Thats been done. Have you read Turretin's book "Justification"?



> I don't believe they are ordained, no. This also isn't the main issue though. I suppose it better that I never defend my faith nor share the Gospel either. No more lay-apologetics, etc.



There is a diffence between giving a reason for the hope that is in you and what they are doing..........ask your pastor. 



> No, I haven't read Matt's paper on Arminianism. Maybe I will...we'll see.
> 
> Anyways.....I need to go to my office now....later.



I suggest you read it.


----------



## ReformedWretch

All this and I miised it! Was it on? How did they do? Anything sad or embarassing?


----------



## Scott Bushey

http://abcnews.go.com/Nightline/


----------



## ReformedWretch

Found this

http://abcnews.go.com/Nightline/story?id=1735434&page=1


----------



## believer

after reading that ................I'm convinced........they're on their way to Hell.....


----------



## ReformedWretch

I don't believe they are going to Hell. I do believe they are in error and stand in danger of judgment if they teach error. For years I taught Arminian error to others with great zeal. I mean no harm at all! In fact I was convinced I was doing God's work. I am now convinced that I actually lead others astray. What I mean to do does nothing to make up for that.
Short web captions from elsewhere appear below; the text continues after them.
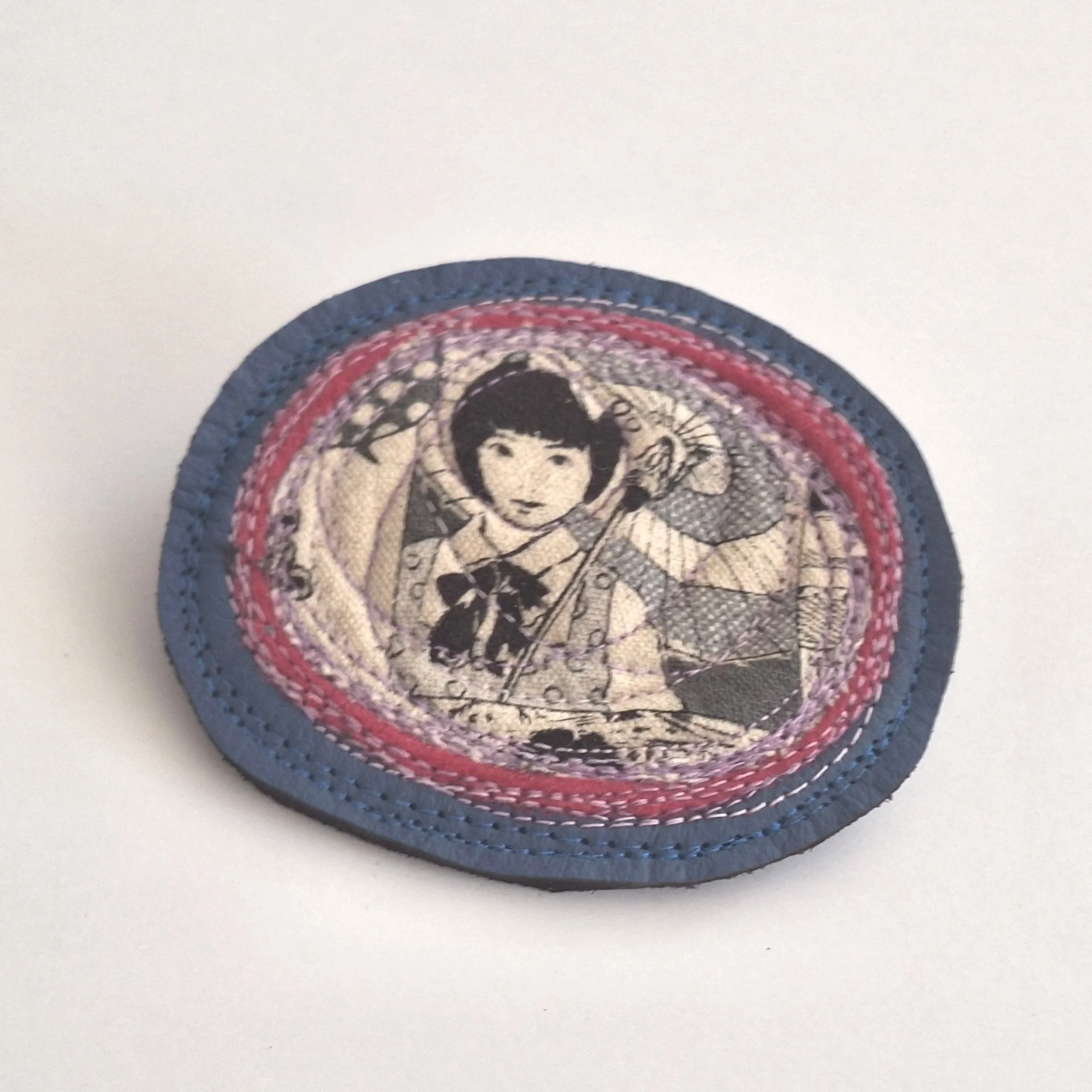 Mushi Manga Brooch | Blue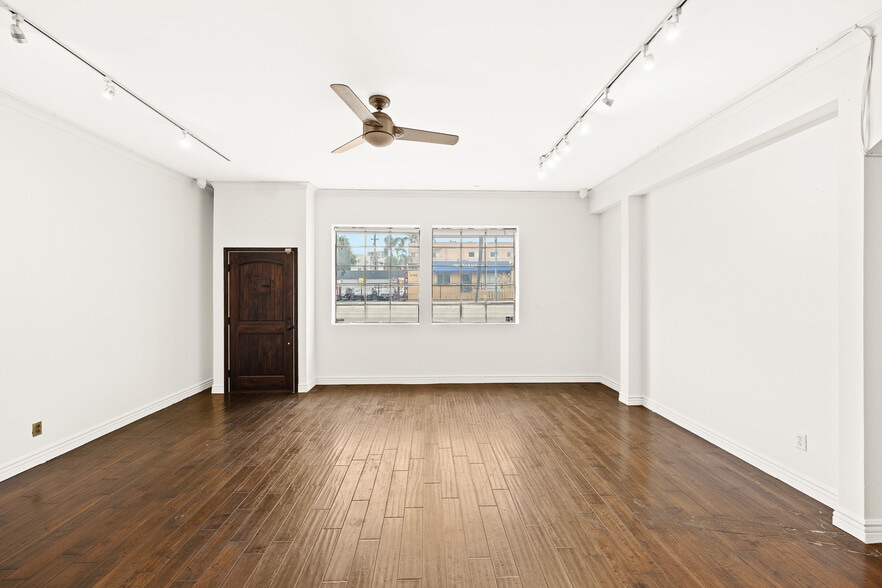 5712-5714 Lankershim Blvd, North Hollywood, CA for lease - Interior Photo - Image 3 of 16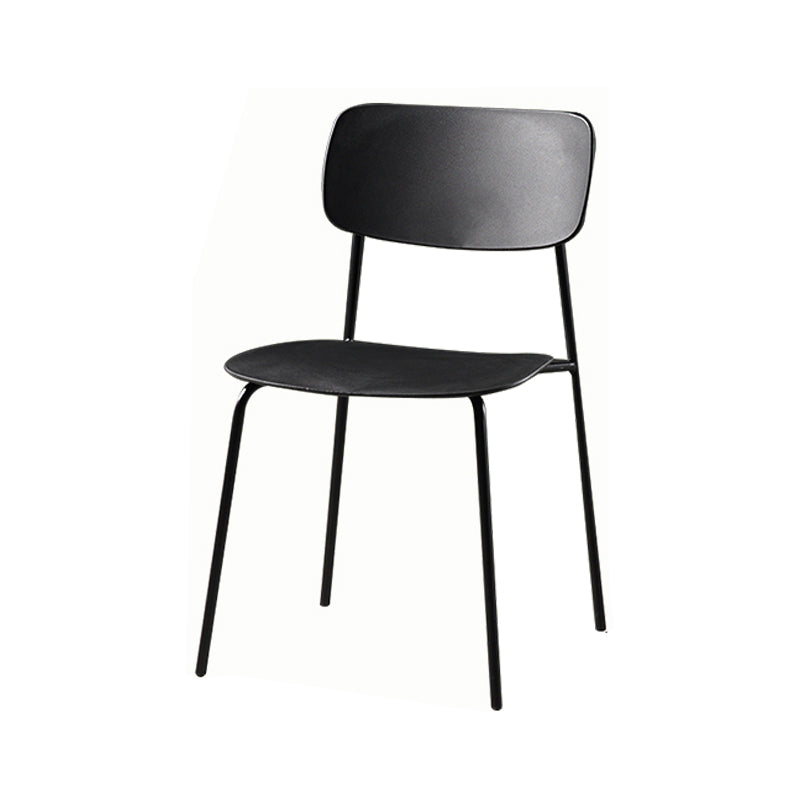 Silla de comedor de estilo moderno Silla auxiliar apilable sin brazos con patas de metal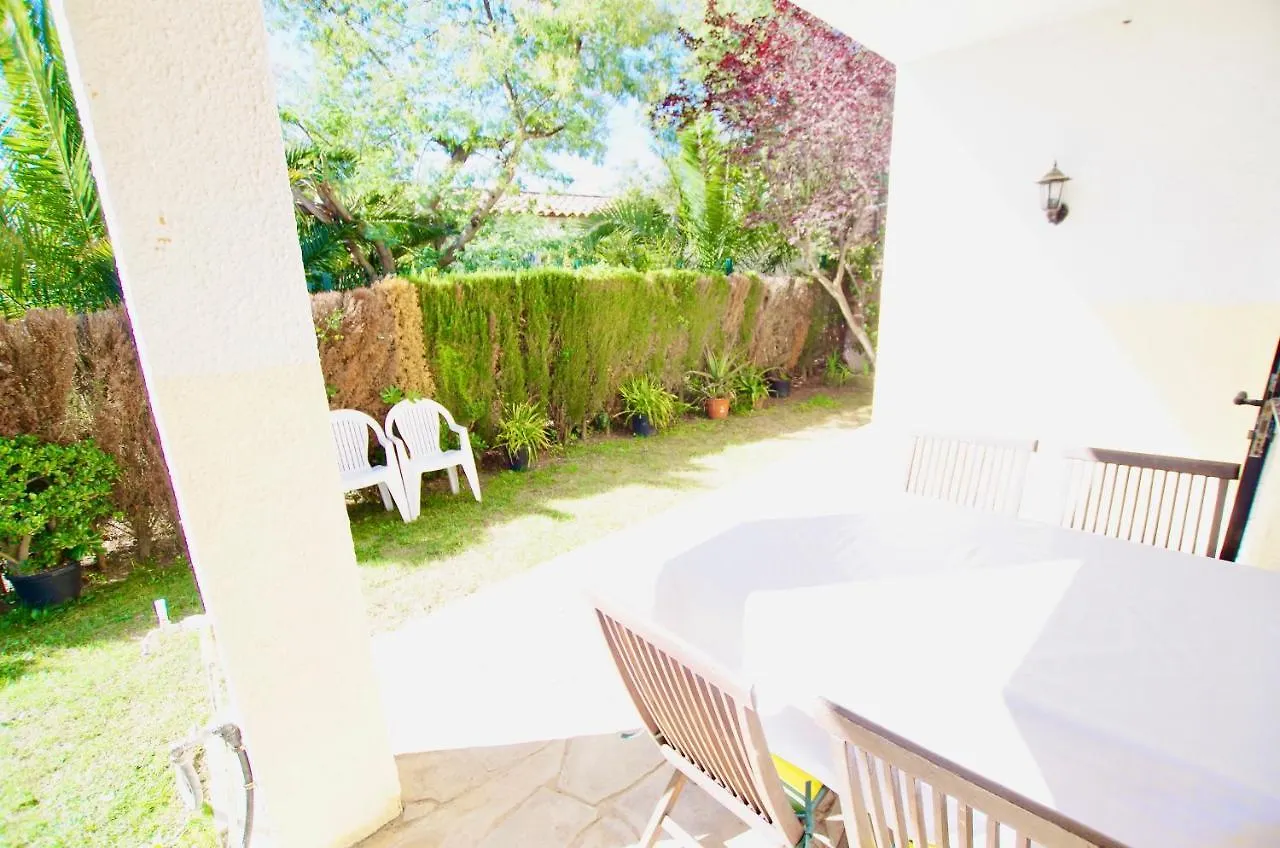 V&V Lloret: Garden Apartment with Pool, 150m from Canyelles Beach Lloret de Mar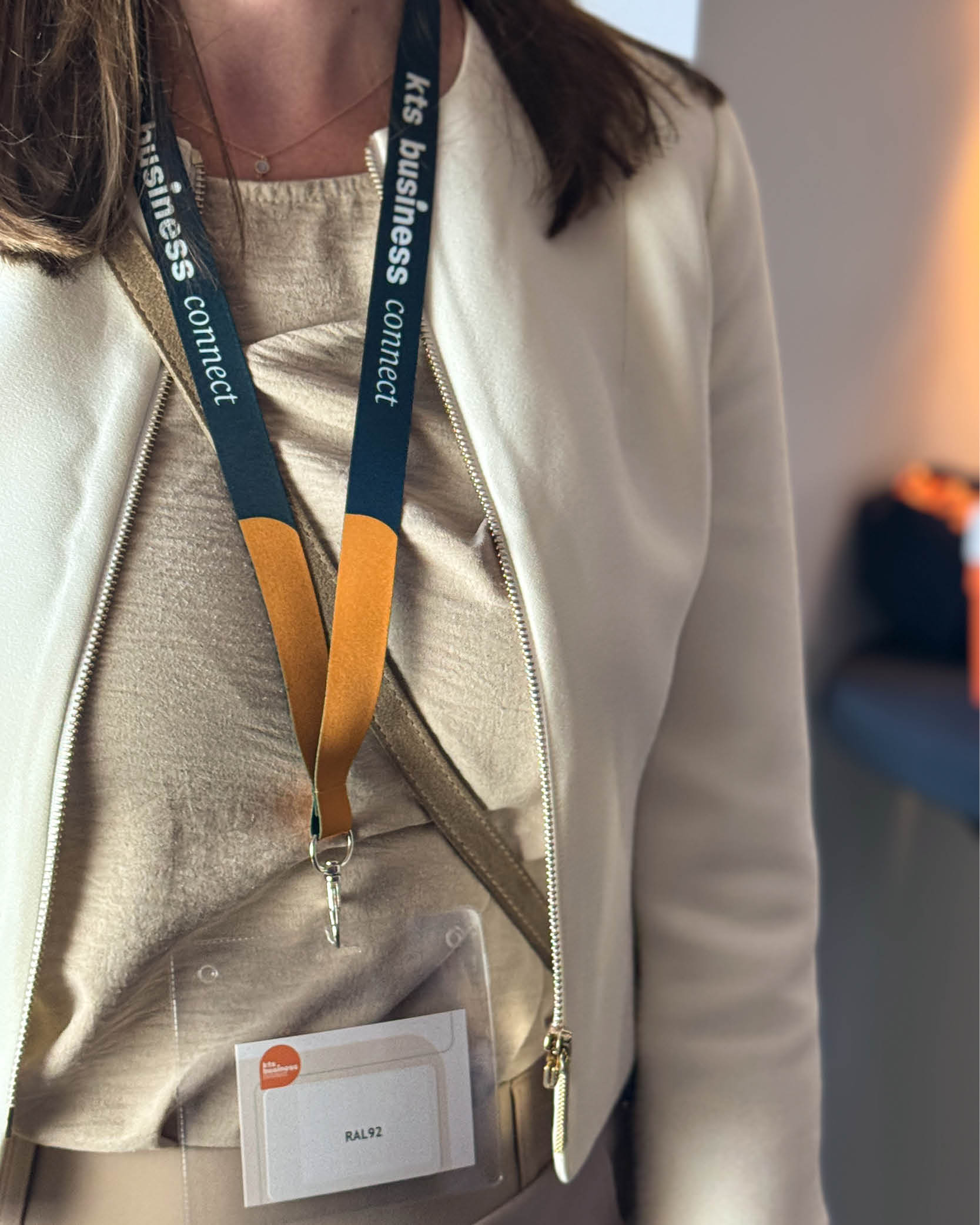 Vrouw op event met key-cord om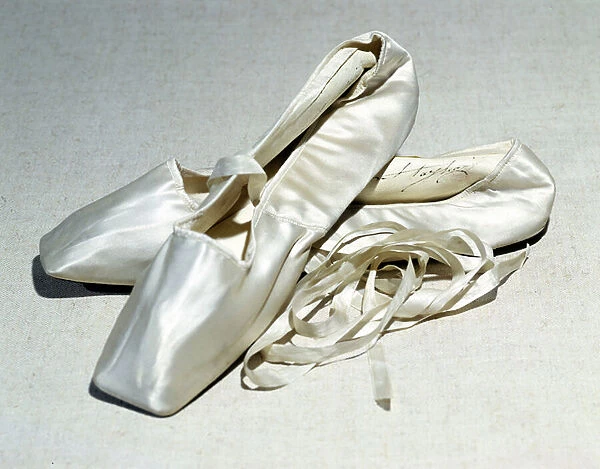 Signed ballet shoes belonging to Maria Taglioni (1804-84) (photo)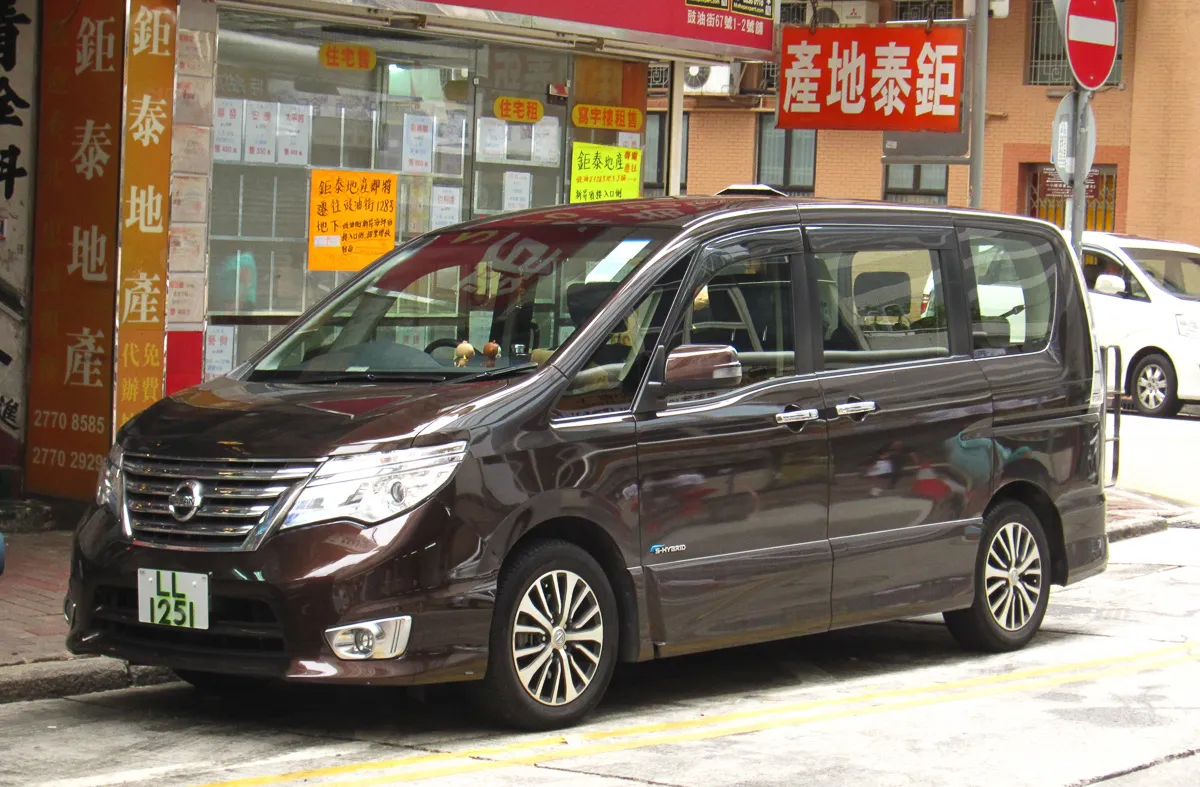 Nissan Serena 2013 2.0 CVT AWD Minivan - Image 3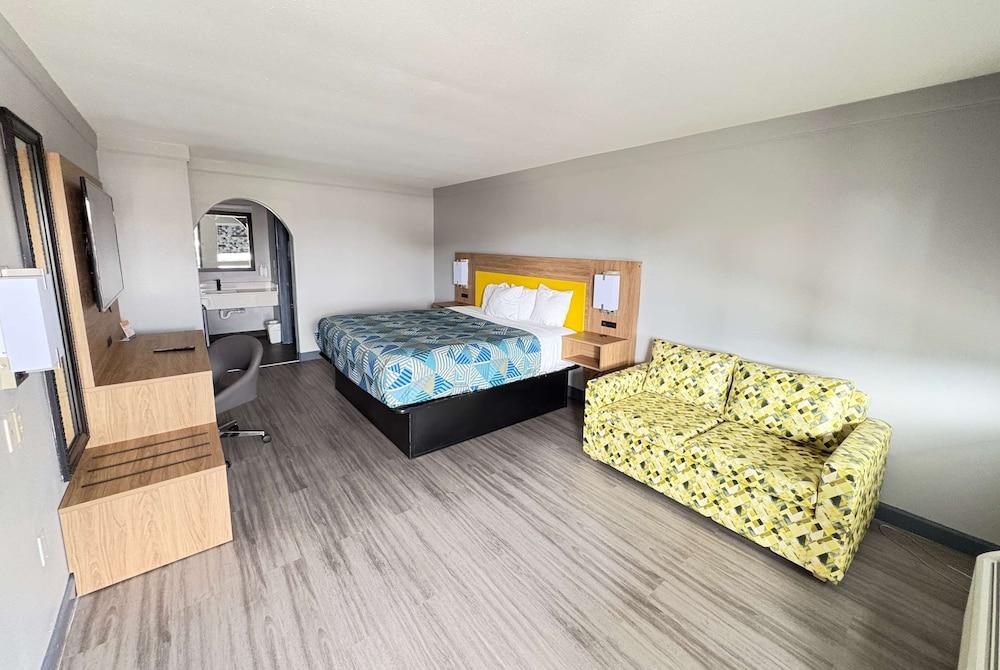 Days Inn by Wyndham Gonzales photo 1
I know that no one will go to Hell that God wants to save, but I didn't do what I meant to do.

I actually assured several of their salvation because they said the "sinners prayer".


----------



## Pergamum

What about the Indonesians (or...replace with any newly evangelized people-group) who have never heard of the five points and have barely heard of the name of Christ?

They do not know any of these theological categories. They know that they are sinners and that Christ is the savior. 

Would you deny that they lack a vital Christianity even though they study the Bible free from hundreds of years of scholastic Christianity and an experienced Christian "lingo"? 


They pray, they go out and tell their neighbors, they do works of mercy and charity with only the small light that they possess.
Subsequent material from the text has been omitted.